● **Information provided**:
★ ★ ★
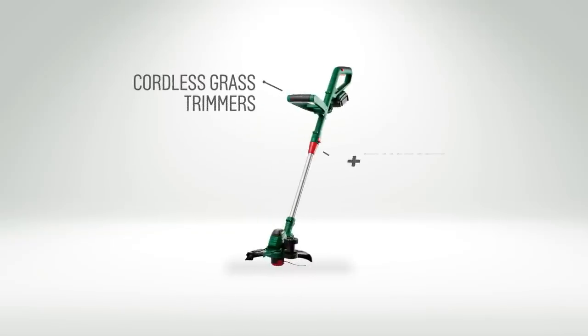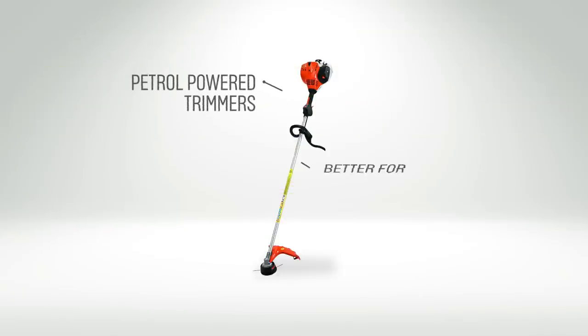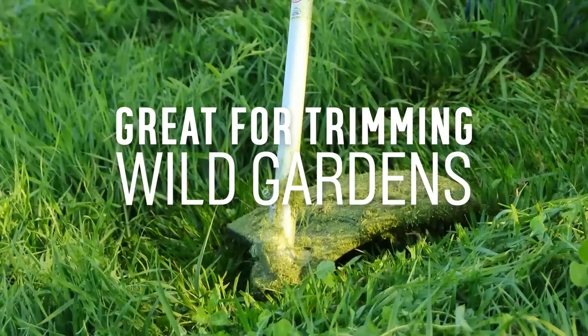Cordless grass trimmers are better for larger gardens, allowing you to move further from the house or power source. And there are also petrol powered trimmers, which are the best at tackling long grass, coarse weeds or rougher vegetation — great if you have a wild garden to keep looking nice.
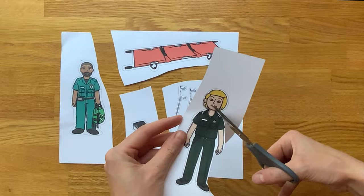Encourage children to hold and turn the picture with one hand whilst they cut with the other hand. Can they carefully cut along the black outline?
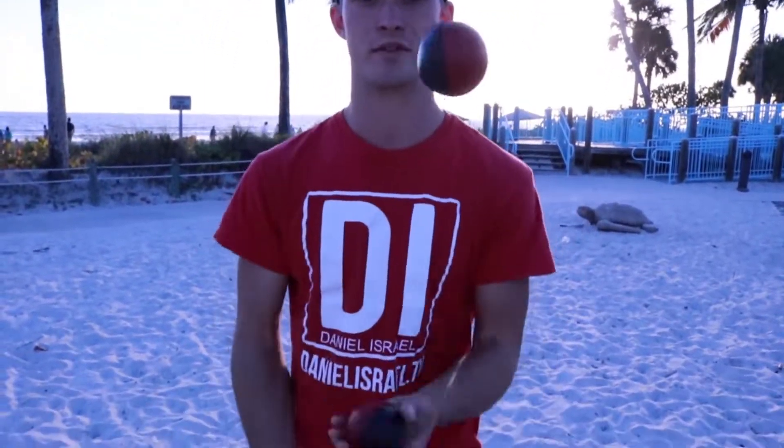So check it out. Just so you can hear it — I'm not sure if you can see it, but I'm going to juggle. It goes tat, tat, tat, tat, tat, tat.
★ ★ ★
Every line above is to be returned exactly, with its pictures removed.

● **Finished exercise**:
Cordless grass trimmers are better for larger gardens, allowing you to move further from the house or power source. And there are also petrol powered trimmers, which are the best at tackling long grass, coarse weeds or rougher vegetation — great if you have a wild garden to keep looking nice.
Encourage children to hold and turn the picture with one hand whilst they cut with the other hand. Can they carefully cut along the black outline?
So check it out. Just so you can hear it — I'm not sure if you can see it, but I'm going to juggle. It goes tat, tat, tat, tat, tat, tat.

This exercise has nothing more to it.